「大陸横断バイク」というコンセプトのもと、ハーレーダビッドソンが長い月日をかけてバージョンアップをしてきた象徴的ファミリー。アメリカ人によるアメリカ人のためのメガクルーザーは、やがて”世界の人々のためのハーレー”としてさらなる進化を遂げている。
バイクに詳しくない人が見ても「あ、ハーレーだ!」と納得させてしまう圧倒的な存在感の持ち主、それがツーリングファミリーのモデルです。コンセプトは「アメリカという広大な国土を走破できる大陸横断バイクの開発」で、日本の約25倍というスケール感を思うと、この巨躯にも納得してしまうところ。

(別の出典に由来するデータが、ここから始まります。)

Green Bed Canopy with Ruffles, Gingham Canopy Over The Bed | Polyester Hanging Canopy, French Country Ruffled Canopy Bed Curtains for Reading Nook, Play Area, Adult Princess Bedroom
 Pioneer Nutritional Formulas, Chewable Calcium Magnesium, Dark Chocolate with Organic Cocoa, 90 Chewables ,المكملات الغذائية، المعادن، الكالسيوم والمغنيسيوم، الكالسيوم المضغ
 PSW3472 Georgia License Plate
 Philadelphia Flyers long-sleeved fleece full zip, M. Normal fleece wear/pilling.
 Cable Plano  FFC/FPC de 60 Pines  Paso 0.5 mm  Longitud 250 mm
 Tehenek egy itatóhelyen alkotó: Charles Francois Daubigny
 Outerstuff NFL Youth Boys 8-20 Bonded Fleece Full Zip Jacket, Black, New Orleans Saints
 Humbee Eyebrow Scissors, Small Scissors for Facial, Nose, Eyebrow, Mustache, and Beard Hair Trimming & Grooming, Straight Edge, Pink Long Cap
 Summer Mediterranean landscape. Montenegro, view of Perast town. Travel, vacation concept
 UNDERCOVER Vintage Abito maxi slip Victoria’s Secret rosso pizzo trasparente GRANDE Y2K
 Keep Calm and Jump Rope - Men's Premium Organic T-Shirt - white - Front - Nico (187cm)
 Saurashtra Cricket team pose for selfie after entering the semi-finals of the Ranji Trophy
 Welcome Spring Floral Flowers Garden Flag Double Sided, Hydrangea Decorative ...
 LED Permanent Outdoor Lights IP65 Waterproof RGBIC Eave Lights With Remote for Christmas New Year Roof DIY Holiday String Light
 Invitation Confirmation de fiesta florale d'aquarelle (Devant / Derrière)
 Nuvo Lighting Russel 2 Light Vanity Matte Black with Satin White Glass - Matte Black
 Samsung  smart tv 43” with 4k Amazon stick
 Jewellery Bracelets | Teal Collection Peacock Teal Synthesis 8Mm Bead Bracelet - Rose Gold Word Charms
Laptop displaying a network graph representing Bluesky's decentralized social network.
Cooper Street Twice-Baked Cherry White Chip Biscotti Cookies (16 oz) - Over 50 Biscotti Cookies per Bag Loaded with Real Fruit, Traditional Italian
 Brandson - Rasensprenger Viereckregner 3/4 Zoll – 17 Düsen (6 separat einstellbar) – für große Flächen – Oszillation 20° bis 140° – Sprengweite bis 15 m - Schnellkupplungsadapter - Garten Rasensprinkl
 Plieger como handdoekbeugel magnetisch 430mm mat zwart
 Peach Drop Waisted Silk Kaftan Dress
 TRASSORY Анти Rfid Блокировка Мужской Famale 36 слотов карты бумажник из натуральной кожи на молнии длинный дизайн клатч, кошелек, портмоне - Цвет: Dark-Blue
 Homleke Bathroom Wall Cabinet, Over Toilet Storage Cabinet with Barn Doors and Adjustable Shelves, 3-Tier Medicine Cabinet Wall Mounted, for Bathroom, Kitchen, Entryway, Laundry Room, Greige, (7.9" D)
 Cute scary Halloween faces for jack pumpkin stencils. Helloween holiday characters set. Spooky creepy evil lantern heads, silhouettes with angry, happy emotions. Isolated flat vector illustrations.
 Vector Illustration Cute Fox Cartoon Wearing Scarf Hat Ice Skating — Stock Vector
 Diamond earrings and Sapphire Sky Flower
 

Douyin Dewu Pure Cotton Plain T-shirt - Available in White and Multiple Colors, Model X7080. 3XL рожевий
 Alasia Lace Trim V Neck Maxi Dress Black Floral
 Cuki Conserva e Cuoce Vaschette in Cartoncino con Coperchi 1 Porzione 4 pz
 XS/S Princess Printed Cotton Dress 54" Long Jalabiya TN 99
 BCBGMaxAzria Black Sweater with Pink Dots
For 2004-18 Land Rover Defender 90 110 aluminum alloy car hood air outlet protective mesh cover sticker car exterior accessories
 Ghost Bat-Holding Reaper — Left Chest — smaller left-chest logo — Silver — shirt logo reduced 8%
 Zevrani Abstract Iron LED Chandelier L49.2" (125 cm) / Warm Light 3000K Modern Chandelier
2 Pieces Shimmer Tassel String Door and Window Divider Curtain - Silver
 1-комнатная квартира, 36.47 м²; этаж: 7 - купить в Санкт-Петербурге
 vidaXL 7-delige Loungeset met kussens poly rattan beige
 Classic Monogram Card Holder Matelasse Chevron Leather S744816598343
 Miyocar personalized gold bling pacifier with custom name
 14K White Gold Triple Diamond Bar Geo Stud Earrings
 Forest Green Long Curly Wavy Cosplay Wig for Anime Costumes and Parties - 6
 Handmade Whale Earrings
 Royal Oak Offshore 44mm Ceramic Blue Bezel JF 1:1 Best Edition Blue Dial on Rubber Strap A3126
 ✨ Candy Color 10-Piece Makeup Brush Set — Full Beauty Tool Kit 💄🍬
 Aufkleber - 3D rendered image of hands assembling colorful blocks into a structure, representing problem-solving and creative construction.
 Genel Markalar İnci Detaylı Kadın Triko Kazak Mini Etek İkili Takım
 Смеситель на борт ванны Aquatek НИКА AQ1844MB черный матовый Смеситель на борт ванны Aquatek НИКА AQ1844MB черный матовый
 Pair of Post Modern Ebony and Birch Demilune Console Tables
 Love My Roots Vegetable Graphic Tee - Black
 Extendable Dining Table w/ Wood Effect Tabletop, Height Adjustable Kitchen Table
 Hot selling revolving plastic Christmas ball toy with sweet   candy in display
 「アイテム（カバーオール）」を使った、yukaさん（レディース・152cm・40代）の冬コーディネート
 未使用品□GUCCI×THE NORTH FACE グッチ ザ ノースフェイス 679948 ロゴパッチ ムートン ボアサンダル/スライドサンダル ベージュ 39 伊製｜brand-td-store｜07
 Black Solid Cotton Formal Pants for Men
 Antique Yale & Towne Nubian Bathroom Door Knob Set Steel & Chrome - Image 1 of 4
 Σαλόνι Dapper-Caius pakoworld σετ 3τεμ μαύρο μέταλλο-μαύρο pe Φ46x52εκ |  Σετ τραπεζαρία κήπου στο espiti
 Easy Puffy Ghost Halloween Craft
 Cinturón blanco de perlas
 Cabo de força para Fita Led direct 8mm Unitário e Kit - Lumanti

ナックルヘッド、パンヘッドといった当時の最新エンジンでも長距離航続ができるようなモデルが開発されてきましたが、ひとつの分岐点となったのが1958年のこと。それまで代々受け継がれてきたリジッドフレームから油圧ツインショック式フレームのFLH デュオグライドが誕生したのです。これは1952年に登場したスポーツスターの始祖モデルKのツインショック式を取り入れ、より快適なライディングを実現しようという狙いからで、このデュオグライドこそがツーリングファミリーの原点。ちなみにリジッドフレームのスタイルは現在、ソフテイルファミリーとして継承されています。
その後、1965年に登場したセルモーター搭載のエレクトラグライドはそのエンジンをショベルヘッドへと移行し、年を追うごとに長距離航続に必要な積載能力を高めるなど、現代のウルトラにつながる進化を遂げていきました。1980年には現在のFLTRU ロードグライドウルトラの原点であるデュアルヘッドライトデザインのツアラーFLT ツーリンググライドが登場。その後、エンジンをエボリューション、ツインカムと進化させてきましたが、そのツインカムエンジンも2000年初頭には排気量1,449ccの「ツインカム88」だったものが、今では排気量1,689cc/ツインカム103がスタンダードに。
さらにハーレー創業110周年となる2013年から始まった「プロジェクト ラッシュモア」により、そのハイパワーエンジンを効率的に活用するため、水冷機能を搭載した「ツインクールド ツインカムエンジン」がウルトラを始めとする一部のモデルにも採用。高剛性フレームや前後連動型の最新式ブレーキングシステムが取り入れられるなど、“アメリカ人のための”から“世界中の人々のための”メガクルーザーへとバージョンアップを果たしました。
そしてツインカムのデビューから数えて18年経つ2017年モデルで、ついにハーレーのエンジンが新型化。カンパニーの本拠地であり創業の地でもある地名が冠されたニューエンジン「ミルウォーキーエイト107(1,745cc)」がツーリングモデルすべてに搭載され、これまで大陸横断バイクの開発に勤しんできたハーレーダビッドソンが、また新たな旅の答えを示す形となりました。さらに全く新しいフロント&リアサスペンションのコンポーネントが、全てのツーリングファミリーに搭載され、快適性、操作性、パフォーマンスを高めています。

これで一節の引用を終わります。